Corrado: ti vorrei dire che farò il pilota di moto, ma non credo che ci riuscirò; un progetto ce l’avrei, una cosa da realizzare qui a Roma, un punto di incontro e ritrovo tra i motociclisti ma non ti voglio svelare di più


12 Comments

  1. Nadia

    2010/04/12 at 1:52 PM

    Molto bello!

    🙂

  2. CarloX

    2010/04/12 at 6:52 PM

    Molto bello questo pezzo su Corrado Catalano. Una storia che non conoscevo

  3. Edo

    2010/04/12 at 10:53 PM

    Bene Amedeo, riscoprire personaggi di rilievo nel mondo delle 2 ruote serve a non dimenticarli, soprattutto dopo aver avuto incidenti, sono curioso riguardo al suo progetto…

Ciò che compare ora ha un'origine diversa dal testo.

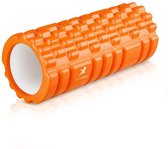 Foam roller - Grid Foam Roller Massage - Fitness Roller - Triggerpoint massage - Oranje – 33cm - Siston Sport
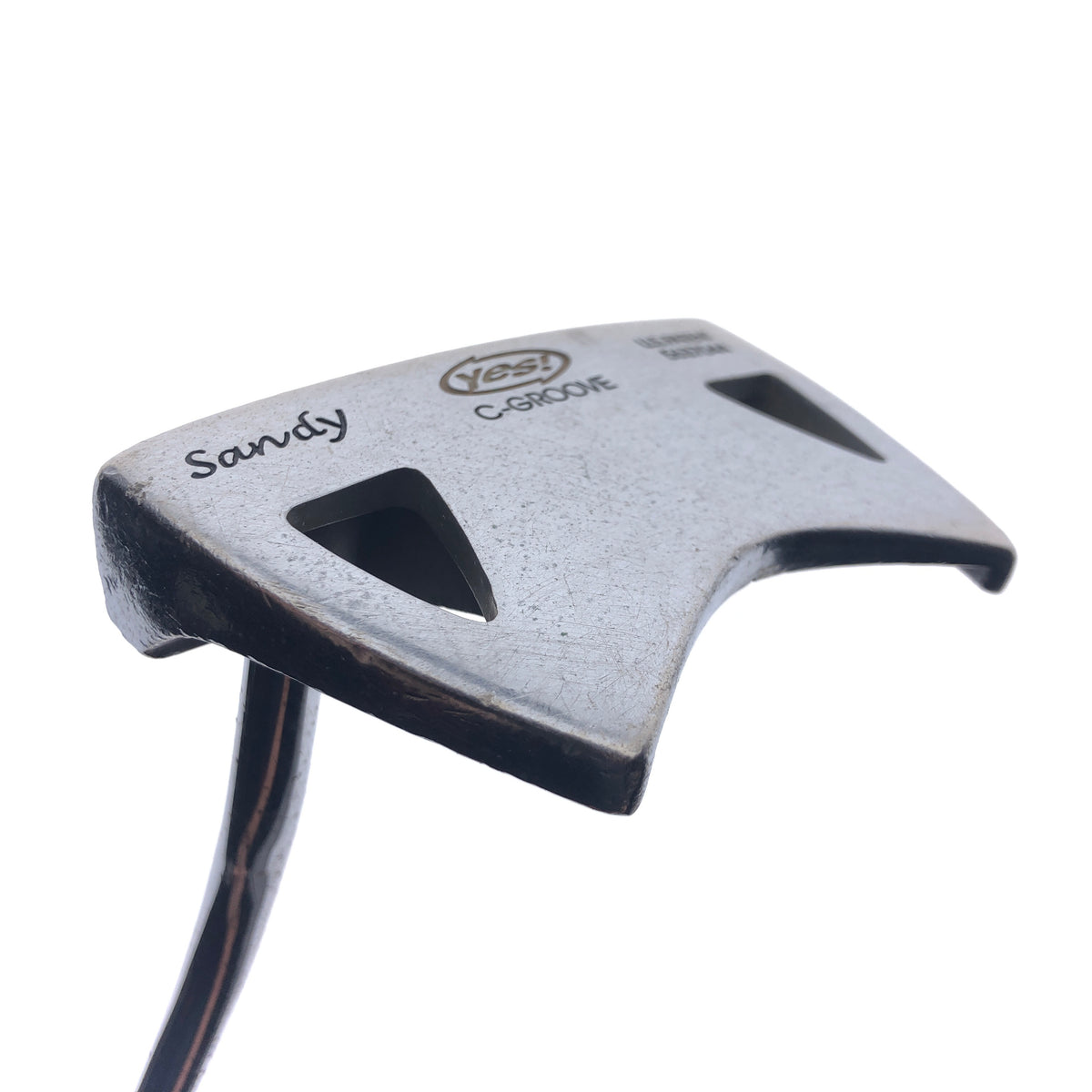 Used YES Sandy Putter / 31.00 Inches / Left-Handed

  4. alessandro petrignani

    2010/06/07 at 10:56 PM

    Ciao Corrado, noi, i tuoi amici del muretto Pier, Pat, Gino, il Truk, il Bullo, Bri, ti ricordiamo simpatico, veloce, ci manchi. Io sono Pat, sandro petrignani, quel giorno triste io c’ ero. Sarebbe bello sentirti, mandaci una e-mail, un abbraccio AP

  5. Davide Levantini

    2010/07/04 at 9:54 PM

    Gran pilota… e bella intervista

  6. marco amore

    2010/11/21 at 6:49 PM

    io mi ricordo sei sei stato veloce ma all’epoca tu il compianto lorenzo ghiselli, fabio biliotti e mrco papa eravate dei grandi ma poco fortunati perchè il mezzo ufficiale era troppo importante.
    Auguri al tuo futuro.
    marco Amore@ CarloX:

  7. Daniel Bustos

    2012/03/15 at 11:13 PM

    Prima di tutto chiedo scusa per il mio Italiano….
    E veramente una bella intrevista. el fantastico come Amadeo risce a describere un uomo..pilota come lo fu Corrado. Io sono stato il suo Amico, Direttore Sportivo ed aviamo condiviso alegrie tristese…Ma per me Corrado rimane sempre un gentil uomo e un grande Pilota…Grazie Amadeo

  8. Heinz Stögbuchner

    2014/11/22 at 6:43 PM

    Hello, please can you help me!
    I am a very great motorsportfan and fan from Corrado Catalano
    Please can you give me an adress, where I can get an autograph from him?
    That would be very frendly!
    Pleease send me a mail.
    Thank you very much;

    Regards, Heinz

  9. marco

    2016/08/14 at 4:23 PM

    Io mi ricordo bene Corrado e l incidente peccato il destino beffardo ci ha negato la possibilità di vedere un altro pilota romano correre hai massimi livelli….un abbraccio forte ad un grande pilota ma soprattutto un grandissimo uomo

  10. Andrea Coco

    2017/01/04 at 11:21 AM

    Sono un giornalista presente quel giorno a Hockenheim e poi in ospedale a Mannheim, Non ho facebook né altri social ma vorrei poter scrivere e poi inviare una cosa a Corrado. Mi potete dare il suo indirizzo mail o farmi scrivere da lui? Vi ringrazio e complimenti all’autore dell’intervista.

  11. Vittorio Commermaja

    2017/05/21 at 10:35 PM

    Ciao Corrado, io ho avuto la fortuna di conoscerti prima dell’incidente e poi ci siamo incontrati di nuovo in clinica di riabilitazione anch’io un bruttissimo incidente di moto, ma ho constatato di persona che anche se siamo cambiati fisicamente dentro di noi il pilota combattente ancora c’è… Un’abbraccio forte dal tuo amico Vittorio…

  12. Luca

    2017/07/15 at 12:54 AM

    Pilota d altri tempi. Complimenti Corrado.